-- RECORD EXCERPTS follows --

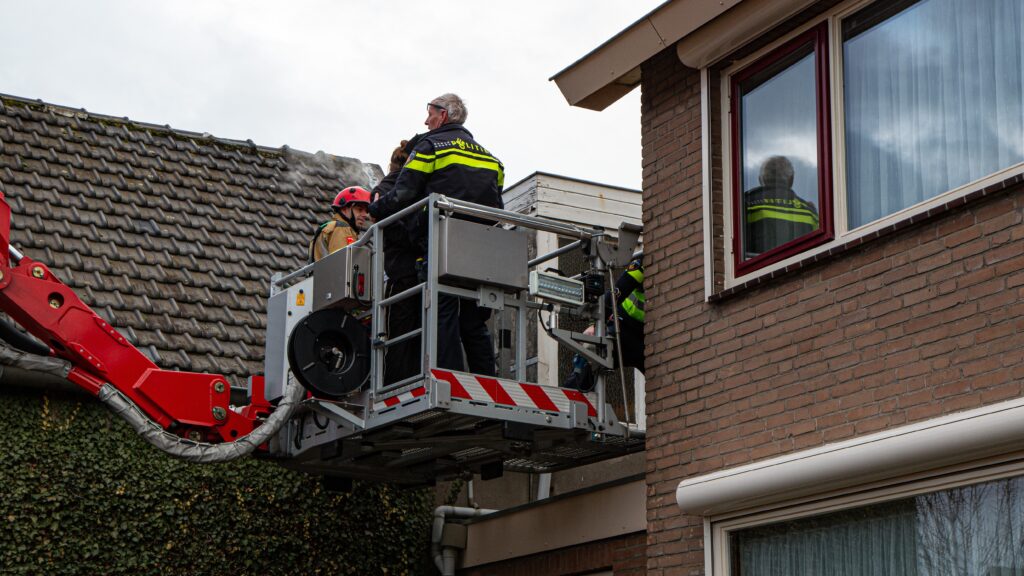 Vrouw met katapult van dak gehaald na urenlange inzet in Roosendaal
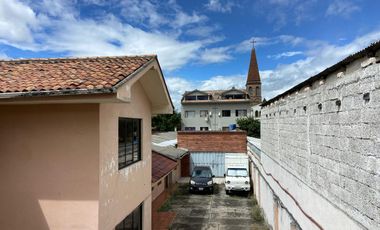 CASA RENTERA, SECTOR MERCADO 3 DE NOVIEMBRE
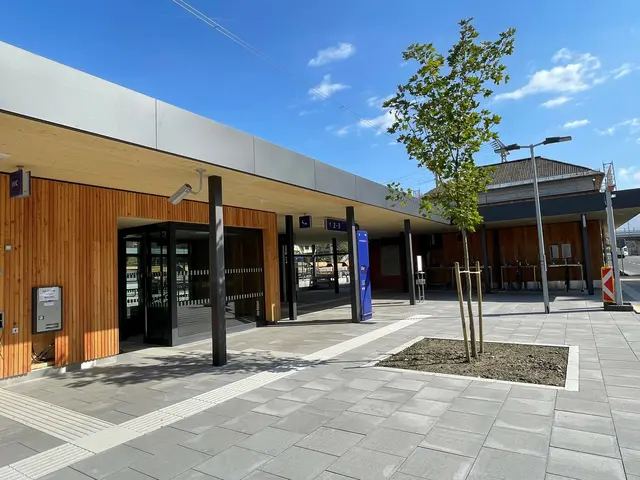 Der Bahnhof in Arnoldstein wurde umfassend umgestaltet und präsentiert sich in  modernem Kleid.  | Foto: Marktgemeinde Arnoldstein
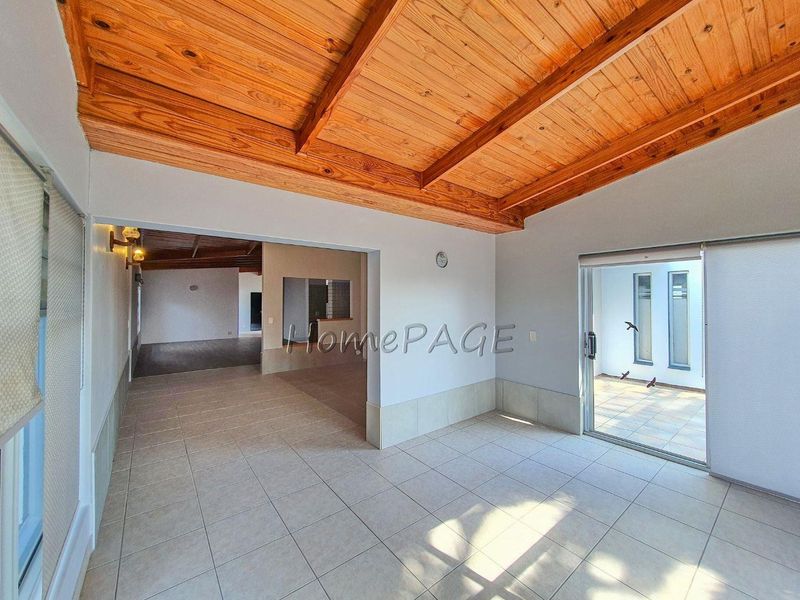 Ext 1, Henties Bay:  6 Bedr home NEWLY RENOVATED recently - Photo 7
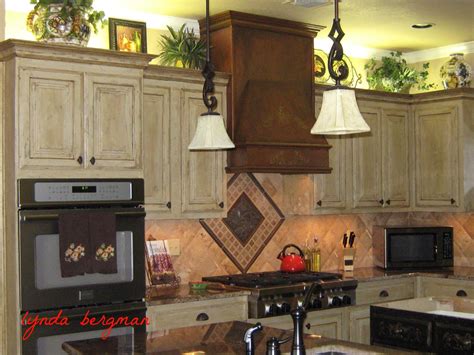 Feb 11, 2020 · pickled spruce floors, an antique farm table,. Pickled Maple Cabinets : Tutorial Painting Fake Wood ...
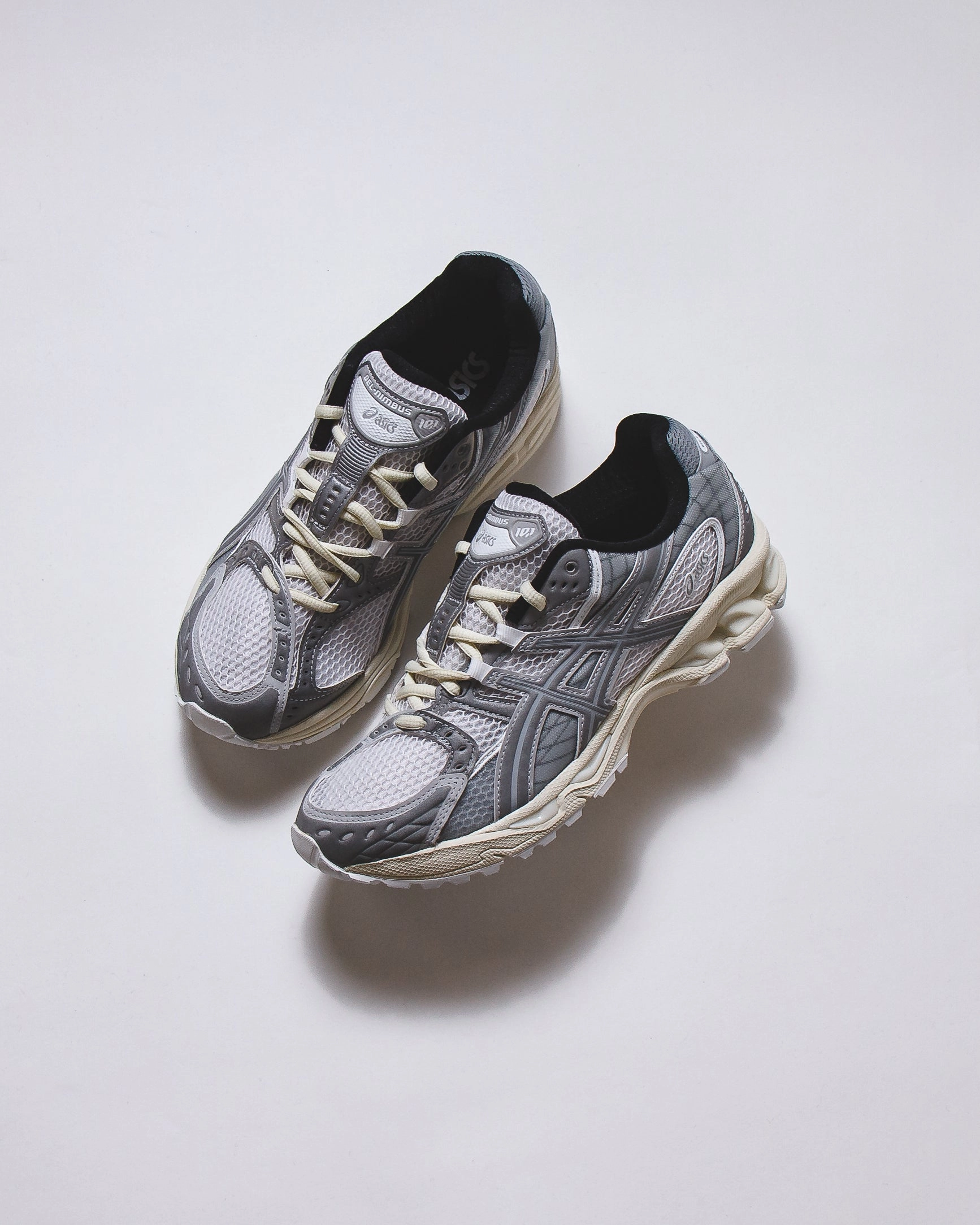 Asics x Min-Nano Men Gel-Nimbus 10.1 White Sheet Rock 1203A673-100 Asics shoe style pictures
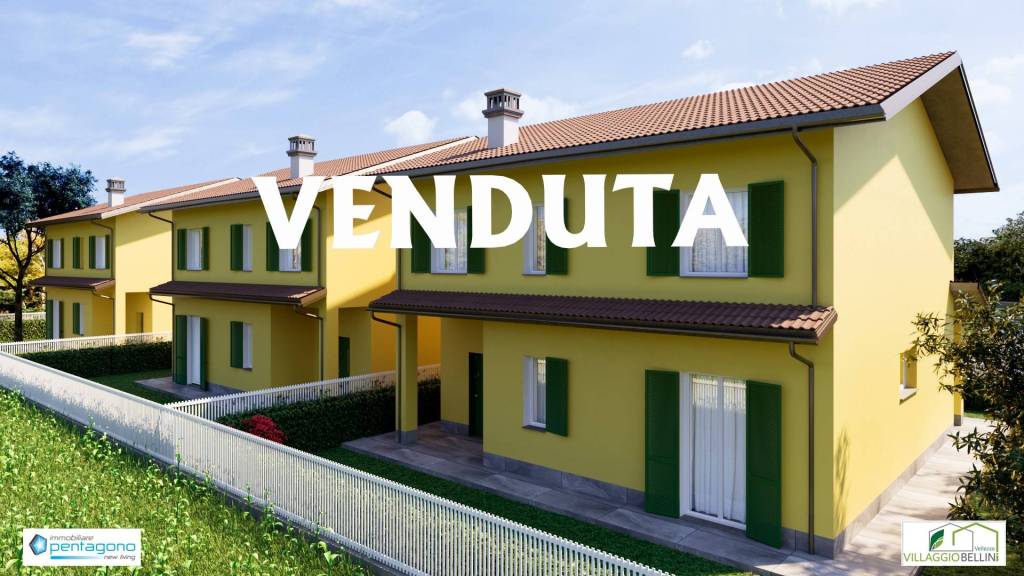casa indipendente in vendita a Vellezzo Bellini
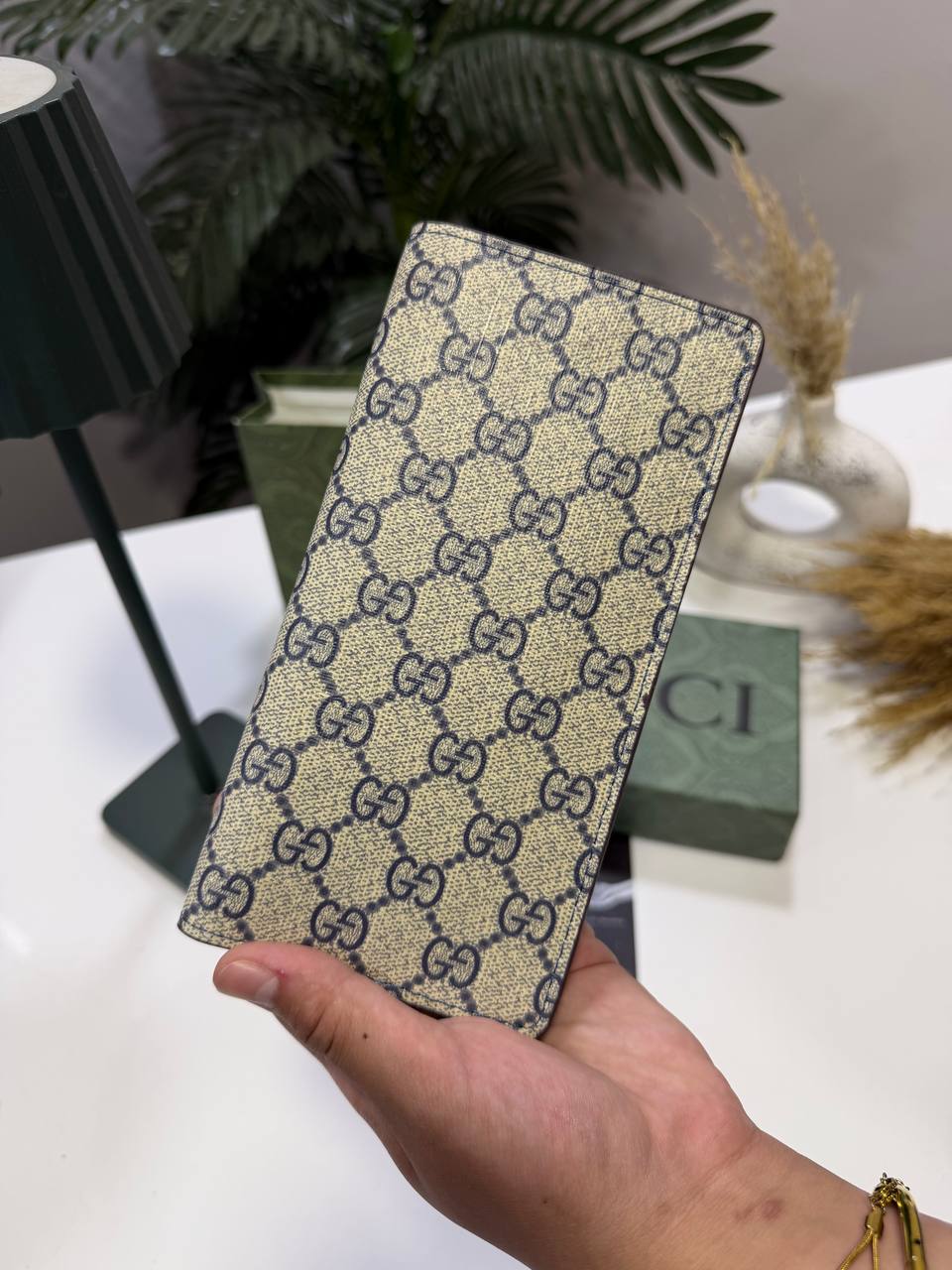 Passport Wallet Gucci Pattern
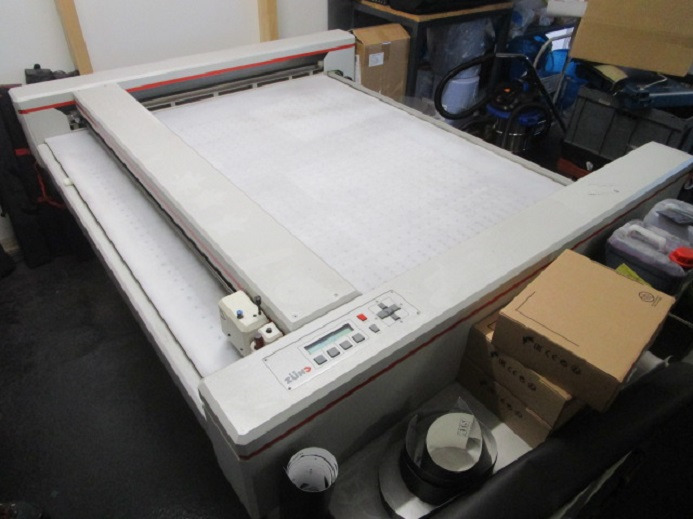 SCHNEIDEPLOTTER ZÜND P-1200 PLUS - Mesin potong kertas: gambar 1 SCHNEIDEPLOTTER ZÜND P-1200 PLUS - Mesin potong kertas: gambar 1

-- RECORD EXCERPTS concluded --

EXERCISE OBJECTIVE:
Your reply must hold only the lines from the line containing "casa indipendente in" through the end of the records above, written out exactly, both ends included, with no pictures, please.

RESULT OF THIS TASK:
casa indipendente in vendita a Vellezzo Bellini
 Passport Wallet Gucci Pattern
 SCHNEIDEPLOTTER ZÜND P-1200 PLUS - Mesin potong kertas: gambar 1 SCHNEIDEPLOTTER ZÜND P-1200 PLUS - Mesin potong kertas: gambar 1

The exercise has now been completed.